Avete presente quel casermone verdino-azzurrino alla rotonda grande di Santorso? Quello costruito in project financing con tanti vetri e un parcheggio grande. Lo chiamate ospedale? Sbagliate. Perché quello è uno stabile dell’azienda socio sanitaria Pedemontana.
Un’azienda insomma, con dipendenti, assunzioni e licenziamenti, bilanci e finanziamenti.
Parola di Giorgio Roberti, direttore generale della Ulss 7 Pedemontana, che ieri sera, nel primo incontro pubblico organizzato per spiegare ai cittadini che cosa cambia nella Sanità veneta, ha detto: “Voi lo chiamate ospedale, io preferisco chiamarlo azienda”.
Un concetto che, da tecnico, non fa una piega, ma che è rimbombato nella sala del Lanificio Conte come lo scoppio di una bomba. Unica frase in grado in smuovere una platea che, di oltre 2 ore di spiegazioni tecniche delle quali non ha capito pressochè nulla, al commento di Roberti ha emesso un boato.
Perché questo è il concetto di Sanità per il cittadino medio: l’ospedale, con i suoi medici e infermieri, con il primario che passa a controllare come sta la nonnetta con un piede nella fossa, è l’ospedale.
Un’azienda è dove, quello stesso cittadino medio, va la mattina, timbra il cartellino, tira quattro parolacce se gli tocca coprire il turno di colleghi mancanti e non vede l’ora di tornare a casa a godere la vita, sana, che gli è garantita dal buon funzionamento dell’ospedale.
A reagire per primo questa mattina, riportando il malessere di chi non ha gradito quel commento, è stato Carlo Cunegato, consigliere
“Sicuramente il DG Roberti è un bravo manager – ha spiegato Cunegato – Un uomo che sa come far quadrare i conti. Peccato che questi siano concetti da ‘addetti ai lavori’, che male si conciliano con i cittadini che devono usare l’ospedale per motivi di salute. Purtroppo le sue parole hanno dimostrato che e finanza oggi hanno invaso anche il lato umano più intimo”. A turbare Cunegato, anche l’affermazione di Roberti: “Il 22% della popolazione si prende il 70% delle risorse sanitarie”.

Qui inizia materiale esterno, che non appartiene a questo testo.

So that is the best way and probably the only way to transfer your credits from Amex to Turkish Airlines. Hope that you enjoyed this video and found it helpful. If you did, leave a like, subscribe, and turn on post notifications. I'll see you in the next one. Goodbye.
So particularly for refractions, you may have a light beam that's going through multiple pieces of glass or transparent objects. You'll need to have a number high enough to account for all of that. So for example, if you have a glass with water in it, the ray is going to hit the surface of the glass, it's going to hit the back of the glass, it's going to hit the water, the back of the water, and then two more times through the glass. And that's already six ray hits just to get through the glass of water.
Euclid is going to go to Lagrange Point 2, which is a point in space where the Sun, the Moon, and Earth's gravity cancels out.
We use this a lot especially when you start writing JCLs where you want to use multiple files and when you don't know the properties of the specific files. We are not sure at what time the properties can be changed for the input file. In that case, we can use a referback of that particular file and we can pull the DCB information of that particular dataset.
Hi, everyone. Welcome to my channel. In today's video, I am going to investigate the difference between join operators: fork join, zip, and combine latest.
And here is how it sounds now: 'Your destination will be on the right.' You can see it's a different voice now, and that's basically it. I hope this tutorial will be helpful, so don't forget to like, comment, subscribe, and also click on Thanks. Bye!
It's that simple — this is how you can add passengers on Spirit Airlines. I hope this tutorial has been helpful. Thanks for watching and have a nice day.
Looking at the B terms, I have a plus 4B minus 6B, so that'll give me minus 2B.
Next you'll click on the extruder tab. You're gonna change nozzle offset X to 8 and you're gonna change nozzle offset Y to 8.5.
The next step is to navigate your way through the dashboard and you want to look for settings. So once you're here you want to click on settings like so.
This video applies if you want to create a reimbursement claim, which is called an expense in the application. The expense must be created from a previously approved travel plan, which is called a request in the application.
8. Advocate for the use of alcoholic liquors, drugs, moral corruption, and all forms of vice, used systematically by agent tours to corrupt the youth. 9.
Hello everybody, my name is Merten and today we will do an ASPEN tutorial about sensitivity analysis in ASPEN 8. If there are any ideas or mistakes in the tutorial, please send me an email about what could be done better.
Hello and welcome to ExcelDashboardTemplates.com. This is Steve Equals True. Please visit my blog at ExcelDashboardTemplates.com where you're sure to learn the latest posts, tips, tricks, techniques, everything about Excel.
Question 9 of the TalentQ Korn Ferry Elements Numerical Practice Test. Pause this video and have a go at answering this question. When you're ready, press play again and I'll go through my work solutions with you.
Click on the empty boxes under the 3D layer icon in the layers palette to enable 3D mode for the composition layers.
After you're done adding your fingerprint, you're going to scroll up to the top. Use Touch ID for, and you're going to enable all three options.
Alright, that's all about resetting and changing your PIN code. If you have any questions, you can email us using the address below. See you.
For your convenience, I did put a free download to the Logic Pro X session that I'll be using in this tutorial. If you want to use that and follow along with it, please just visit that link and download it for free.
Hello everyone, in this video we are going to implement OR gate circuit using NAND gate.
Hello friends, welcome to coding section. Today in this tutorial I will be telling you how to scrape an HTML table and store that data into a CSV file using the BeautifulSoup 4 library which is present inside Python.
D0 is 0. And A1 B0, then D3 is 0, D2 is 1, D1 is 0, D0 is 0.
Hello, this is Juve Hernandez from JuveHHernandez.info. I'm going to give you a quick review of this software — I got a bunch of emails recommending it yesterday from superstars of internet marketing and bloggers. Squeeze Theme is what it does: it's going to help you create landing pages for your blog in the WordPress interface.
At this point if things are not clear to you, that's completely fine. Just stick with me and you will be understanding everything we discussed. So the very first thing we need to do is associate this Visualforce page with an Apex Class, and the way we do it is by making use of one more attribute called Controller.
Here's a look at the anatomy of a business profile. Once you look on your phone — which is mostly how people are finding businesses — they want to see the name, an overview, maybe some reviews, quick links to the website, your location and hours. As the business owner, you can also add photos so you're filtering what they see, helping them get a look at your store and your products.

“Come se ammalarsi fosse un piacere – ha commentato il consigliere – Mi piacerebbe pensare che il diritto alla cura è un diritto inalienabile, un diritto sociale e un diritto per tutti. Solo una società che lo riconosce può dirsi veramente civile. Mi piacerebbe che i malati non venissero pensati come sanguisughe che succhiano risorse, ma come la parte vulnerabile della comunità, che va aiutata”.